From a policy perspective, what does Obama need with more people like him when he’s trying to address a different demographic? Instead of encouraging urban youth and urban culture to emulate him, wouldn’t it be more useful for him and for them if on-the-ground representatives from urban culture could advise as post-consensus collaborators to help enrich future urban policy? Is there intellectual wealth in the distance between Obama and the “anti-intellectual stances and the surface styles that repel across all ethnic lines”?

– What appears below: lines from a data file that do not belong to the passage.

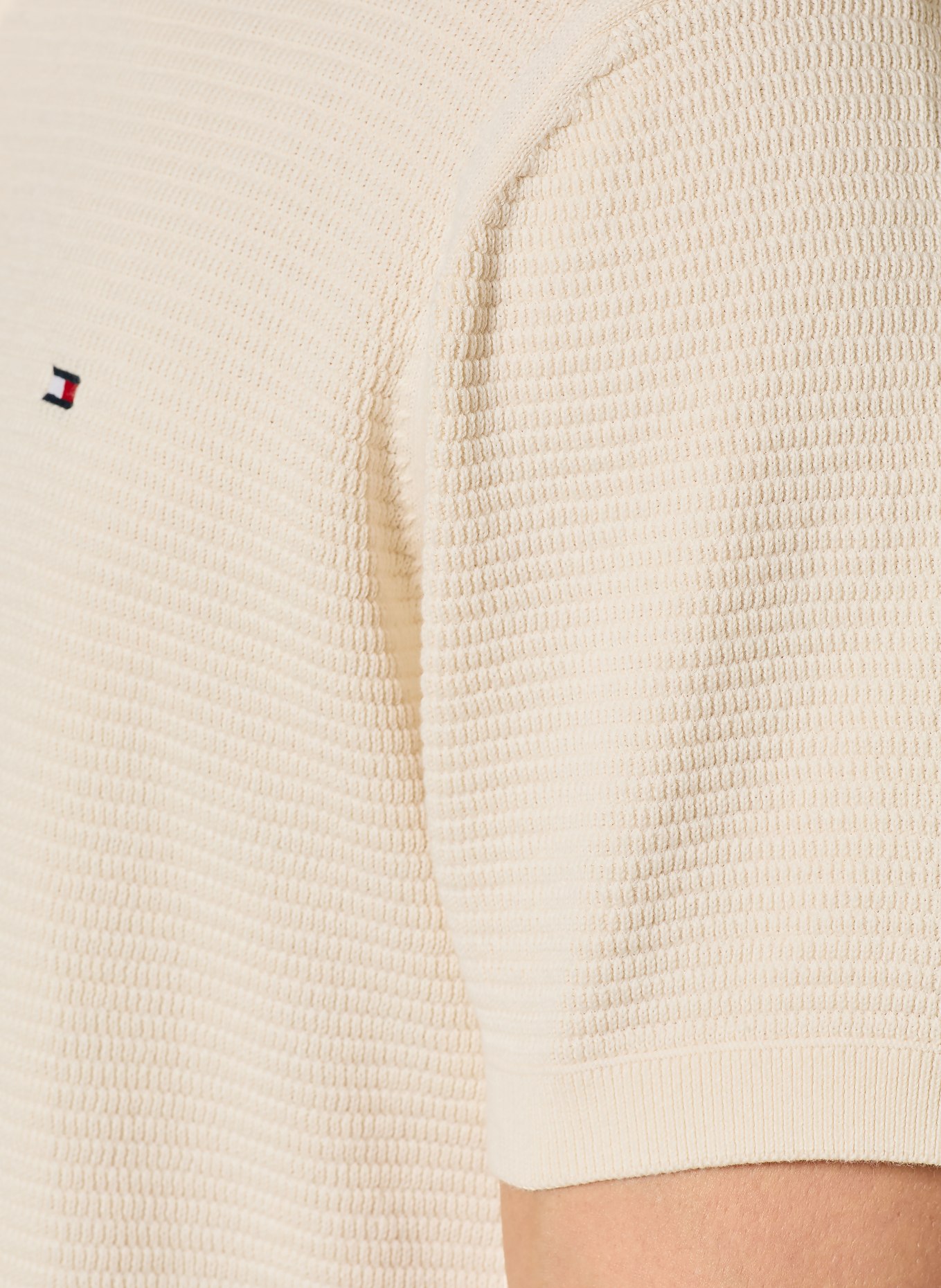 TOMMY HILFIGER knitted polo shirt: CREAM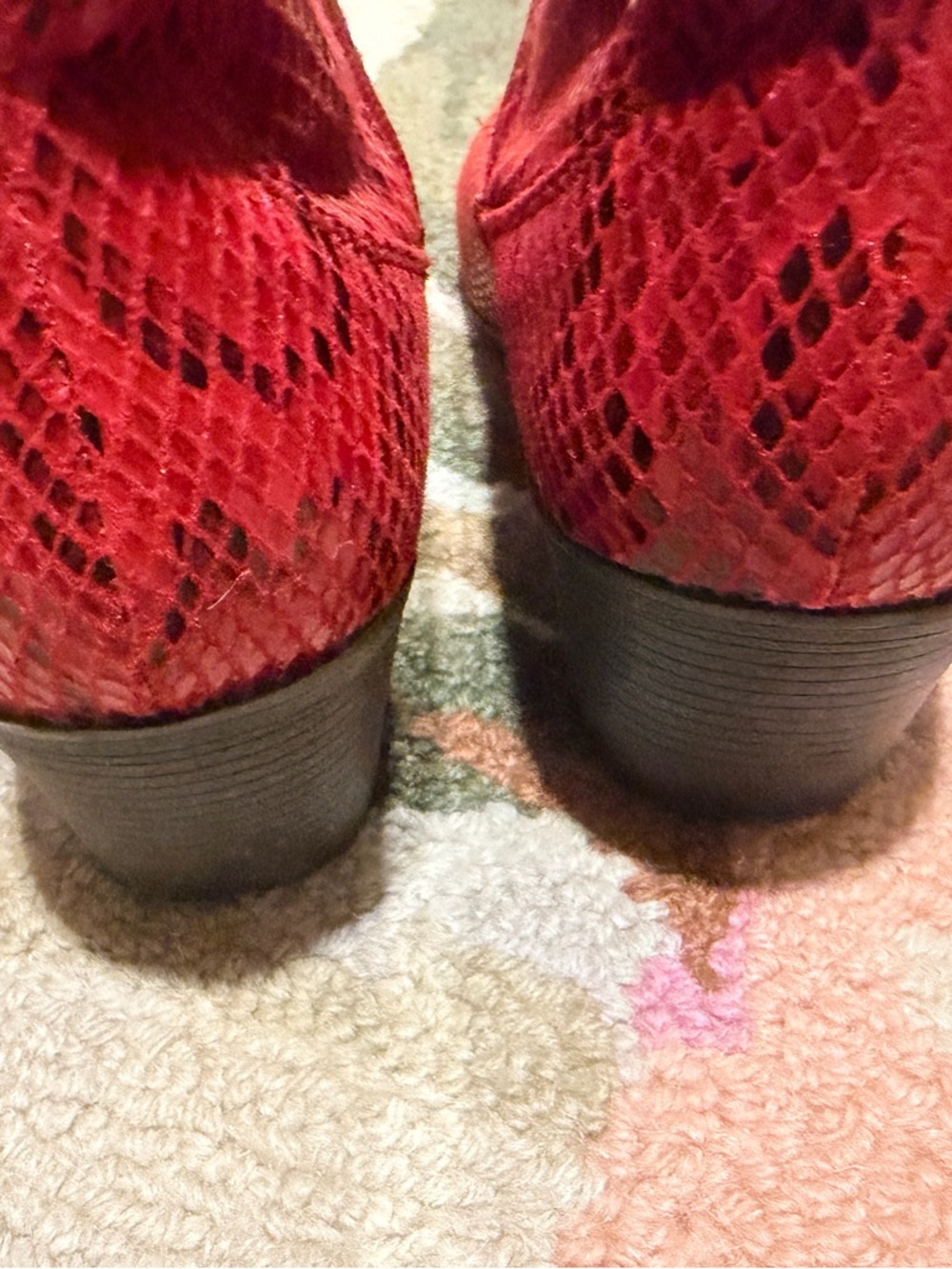 Rampage "Whendl" 8.5 Red Faux Snake Print Western Ankle Boots Zip side zip - Picture 4 of 7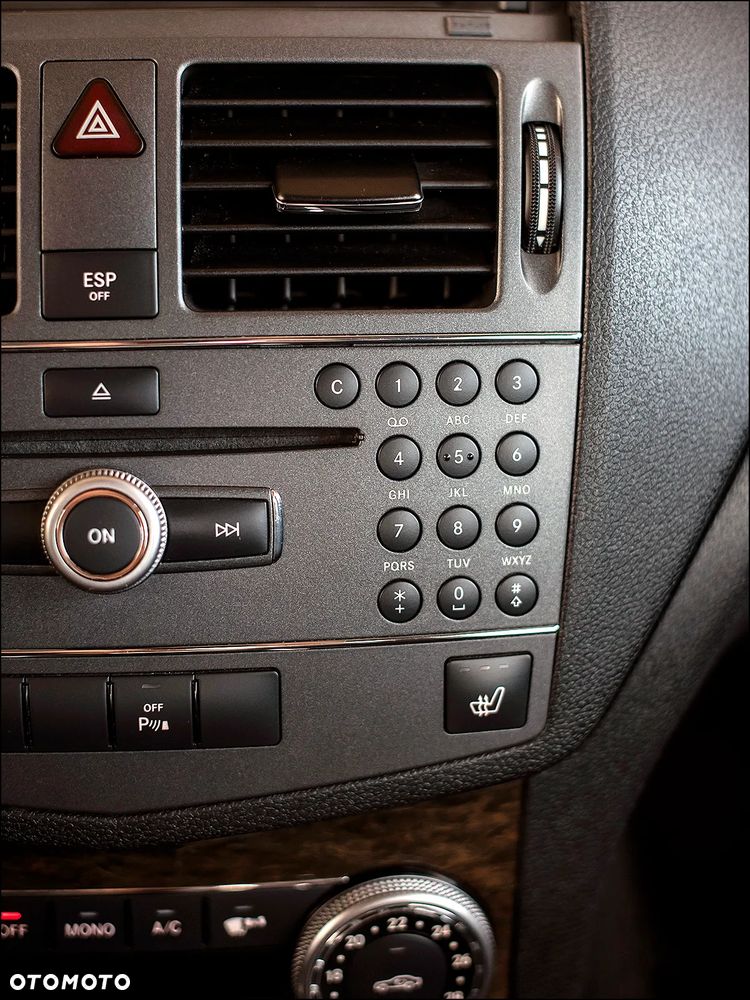 Mercedes-Benz Klasa C 180 Kompressor BlueEFFICIENCY Elegance - 24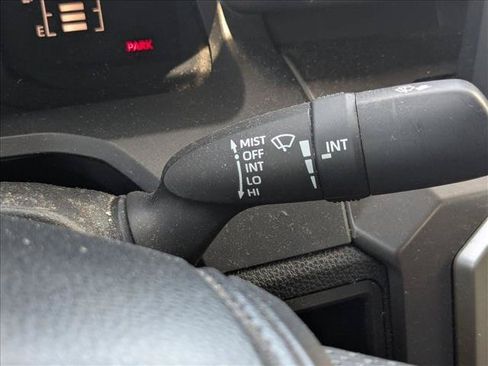Used 2024 Toyota Tacoma SR5 AWD/4WD image 9
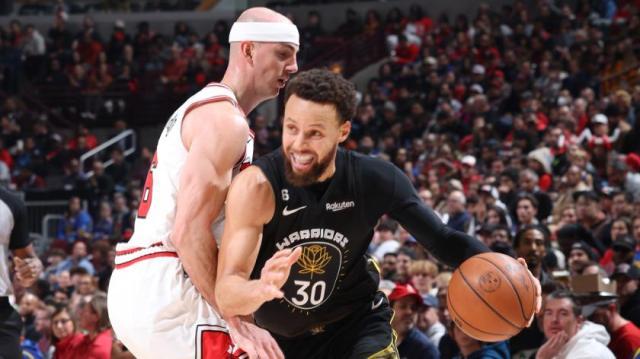 1673836568456047970.jpg Alex-Caruso-Steph-Curry-GETTY-1246261290.jpg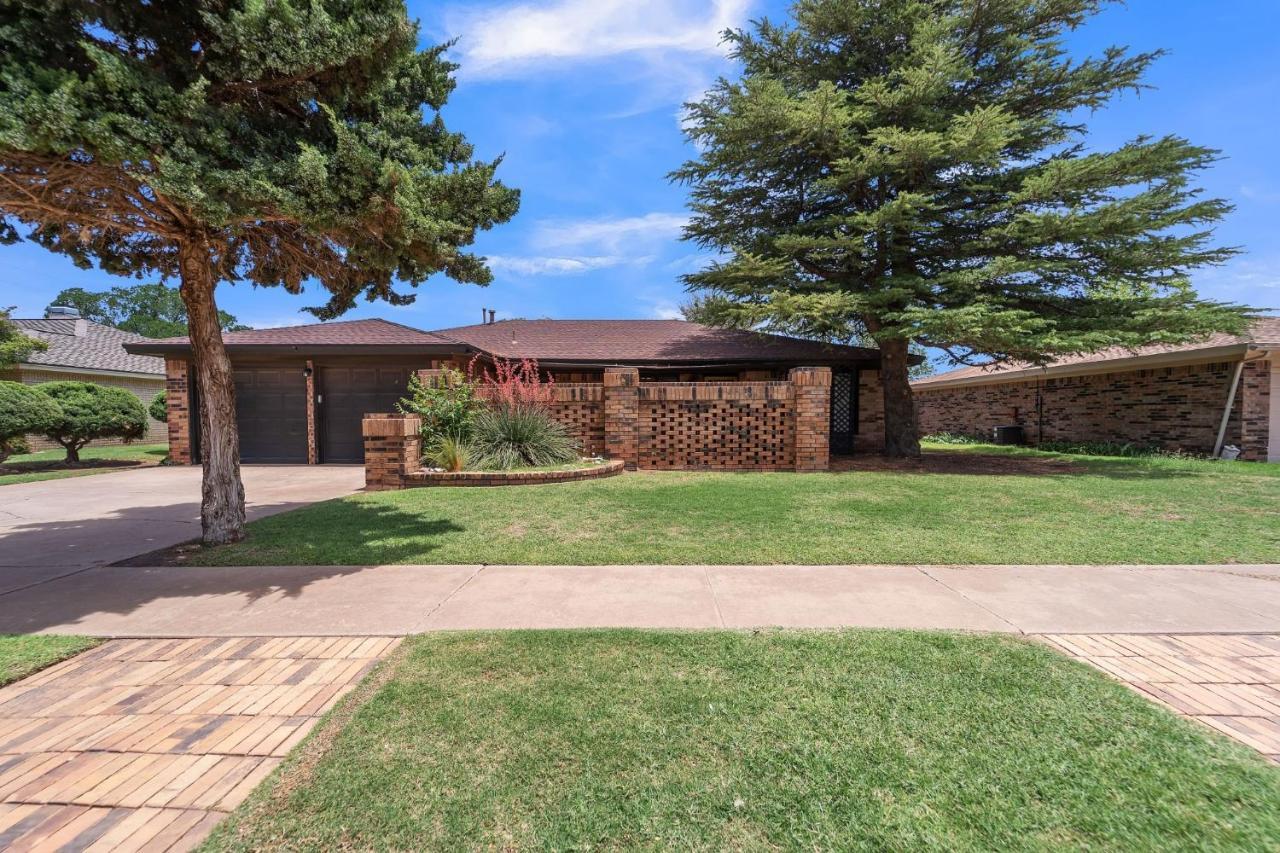 Homestead House - In Shadow Hills Golf Course Division Home ลับบ็อก ภายนอก รูปภาพ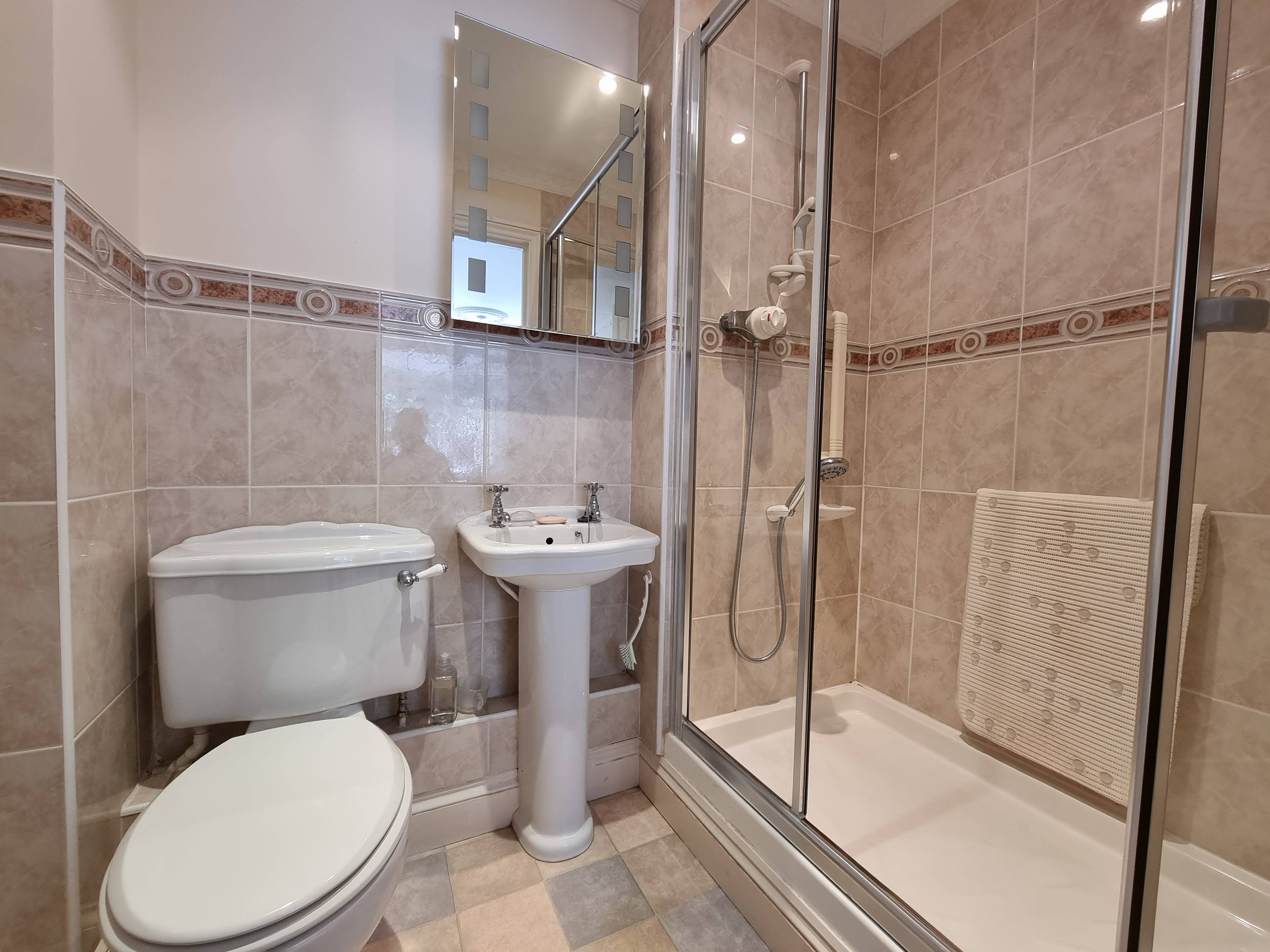 Master En-suite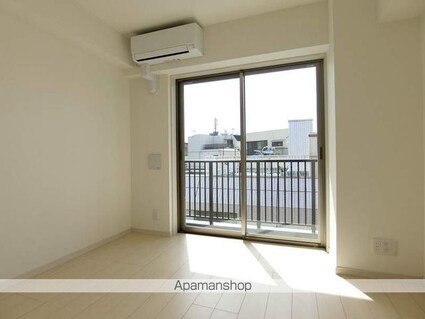 東京都渋谷区富ヶ谷２丁目[1K/18.49m2]のリビング・居間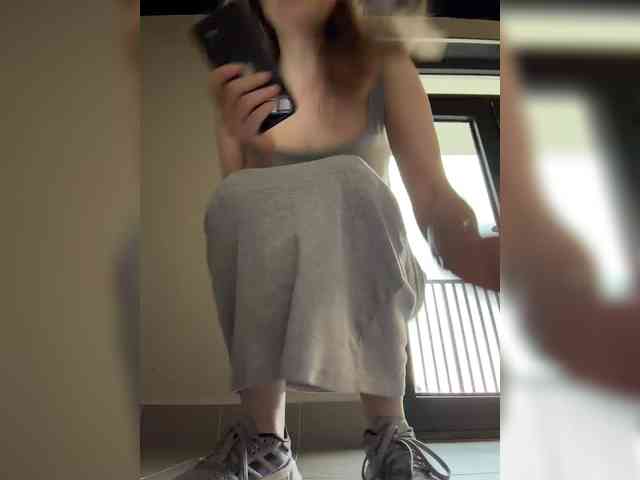 _I_123's chat room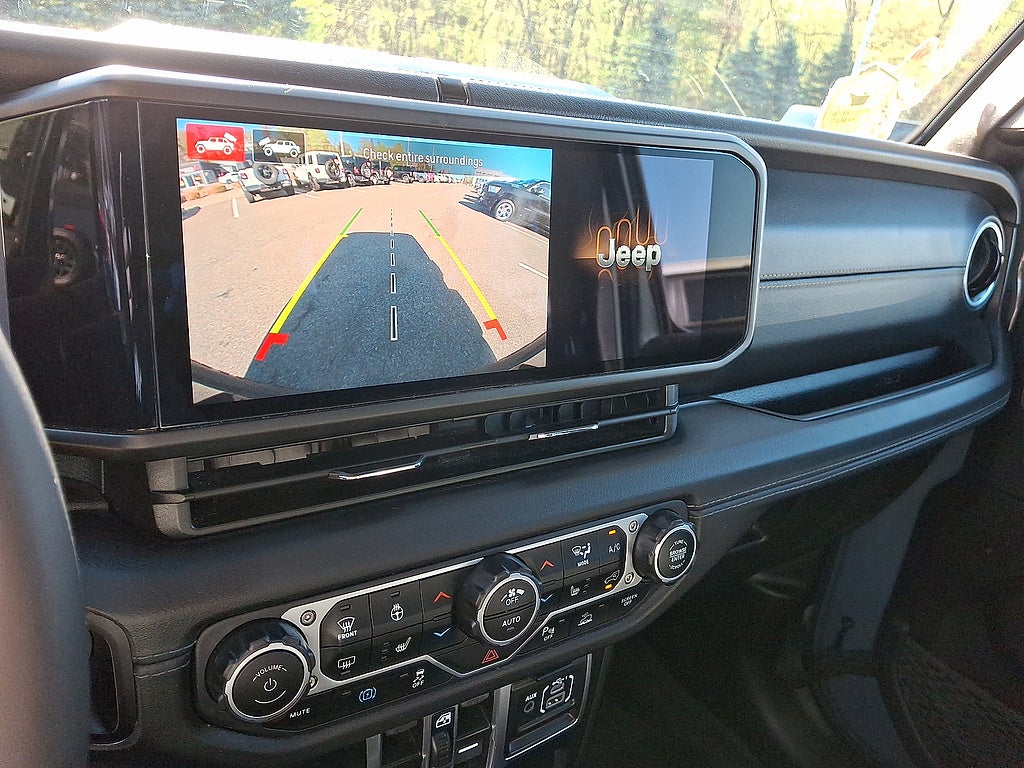 2024 Jeep Wrangler 4xe Sahara 4xe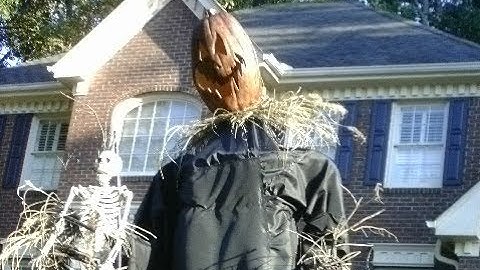 Scare Dare practical joke prank Halloween garage haunt haunted house scary how to build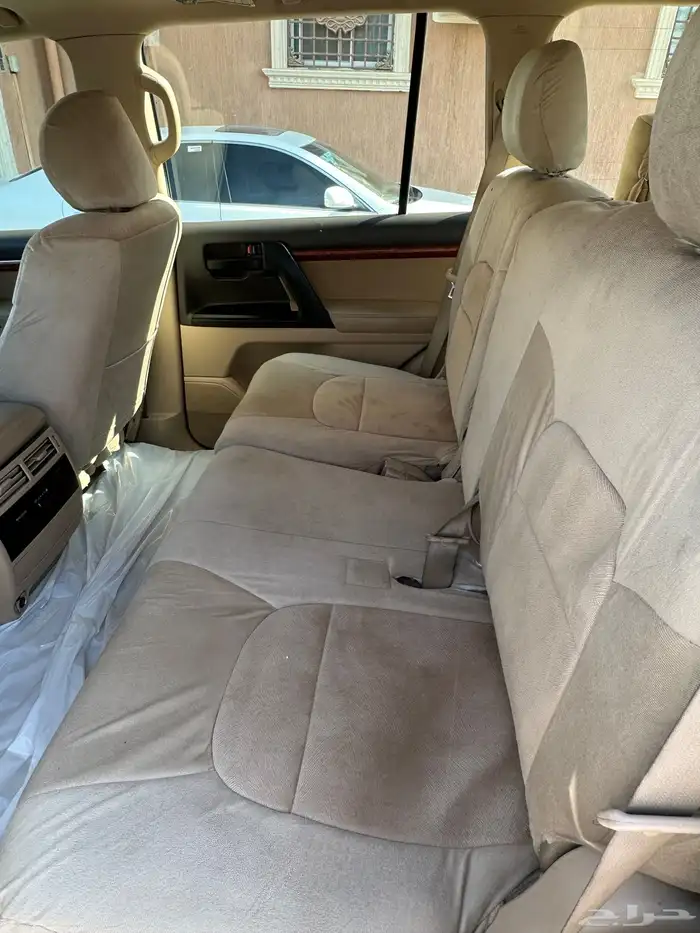 لاندكروزر 2013 شرط بدي وكاله ومحركات وكاله فل كامل 32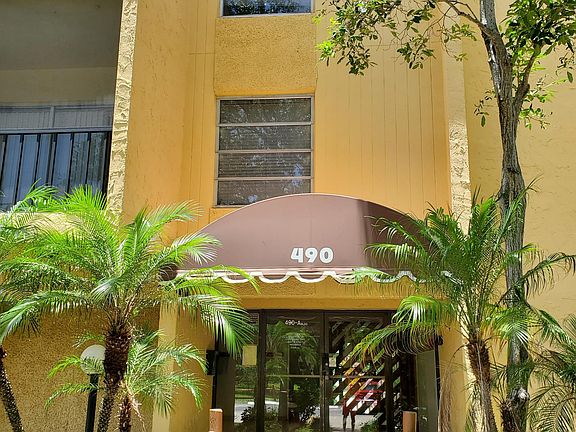 4th image of 490 NW 20th St APT 301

And now, as always, some music.



December 5th, 2008 at 11:12 am
Crouch’s idea that there will be a huge shift merely because of a few pop culture habits Obama exhibited is just silly. They’re hardly going to change Hail to the Chief to a hip hop anthem merely because of our President-elect’s mannerisms, race, or work with urban America. That being said, Crouch’s hopefulness that Obama’s new role will help spur on at least a small change in hip hop is something I think many people can get behind. But we have to remember what sells – it will take a big name to come out of hip hop and be willing to change things up and potentially lose money and fans. An entire culture or music genre can’t be altered any more rapidly than this country can be helped economically. But if Obama’s classy demeanor and attire can get a few guys to, as he said, “pull up their pants” sooner rather than later, then hurrah.
December 6th, 2008 at 12:50 pm
Thanks for jumping in Elizabeth,
What I was trying to say is that perhaps this isn’t a situation where one position needs to move further towards the other, so much as one wherein they need to find a discourse where they can be mutually understood from the positions that they occupy.
Later on in that article Miessen says: “Now, I would like to argue that – in order to include the complexity of the city–one also needs to include the conflicting forces of that city. Consensus is only achieved through relationality of powers. One could argue that if such relationality would have been broken, another kind of knowledge would have been produced; one that helps us to understand the composite realities of the contemporary city and the forces at play.”
The value that Hiphop brings to the conversation is precisely that its pants are baggy. As something that creates complexity in the discussion of cities, and is relevant to young America, might it not be better for the discussions that Hiphop remains an alternative voice?